# re-mounting plasma



## cable (Nov 27, 2007)

hello everyone:

just mounted our plasma for the first time. everything came out great, but i did have a question just for future reference.

if we wanted to move the plasma higher up on the same wall, what's the process in doing so without affecting the studs?

this would mean i would have to take out the existing mount drilled into the studs and re-mount it higher on the wall. would this weaken the studs? would i need to fill the existing holes with wood putty?

thanks!


----------



## ktkelly (Apr 7, 2007)

Shouldn't be an issue.

But I'm sure that someone here will tell you "you'll damage your plasma by moving it".... 

And then someone else will tell you how terrible it is to have your plasma mounted high on the wall.... 

And then there will surely be someone telling you that you should have bought a LCD since Plasma is, well, just wrong.....:wink: 

And someone will say that if you haven't bought a extended warranty, then you're just plain silly....:yes: 


Just trying to cover all the bases.....


----------



## keyser soze (May 28, 2007)

Unless it's 70" or bigger you'll be fine re mounting the set. You won't damage it or the studs, plasmas look better than LCD's and extended warrantees can be useless. :whistling2:


----------



## cable (Nov 27, 2007)

thanks for the responses!

the plasma is 50". just wasn't sure if the first set of holes had to be filled. 

what would be an issue if the set was greater than 70"? is it due to the weight?


----------



## ktkelly (Apr 7, 2007)

cable said:


> what would be an issue if the set was greater than 70"? is it due to the weight?


 
Actually it wouldn't really matter if it were a 70" either.

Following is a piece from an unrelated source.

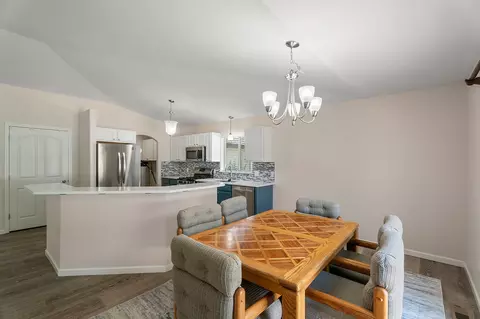 Dining - 1010 Wolf Rd, Helena, MT 59602 photo 3 of 3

It's typical to mount any LCD/PDP with the same size lagscrews.


----------



## MEDIAINSTALLS (Jan 3, 2008)

moving the tv at all will not affect anything. the worse you will have to do is fill in the holes left by the mount from when you move it. 

I would stay with plasma tvs instead of lcd's----numerous reasons. 
1. price
2. life span of the tv (about 10,000 more hours)
3. viewing angle is greater
4. plasma is 2 yrs more advanced then lcd

also if you are going to move the tv higher i would look at putting a tilt mount up instead of a basic mount. this way you can angle it down some if you feel it is too high


----------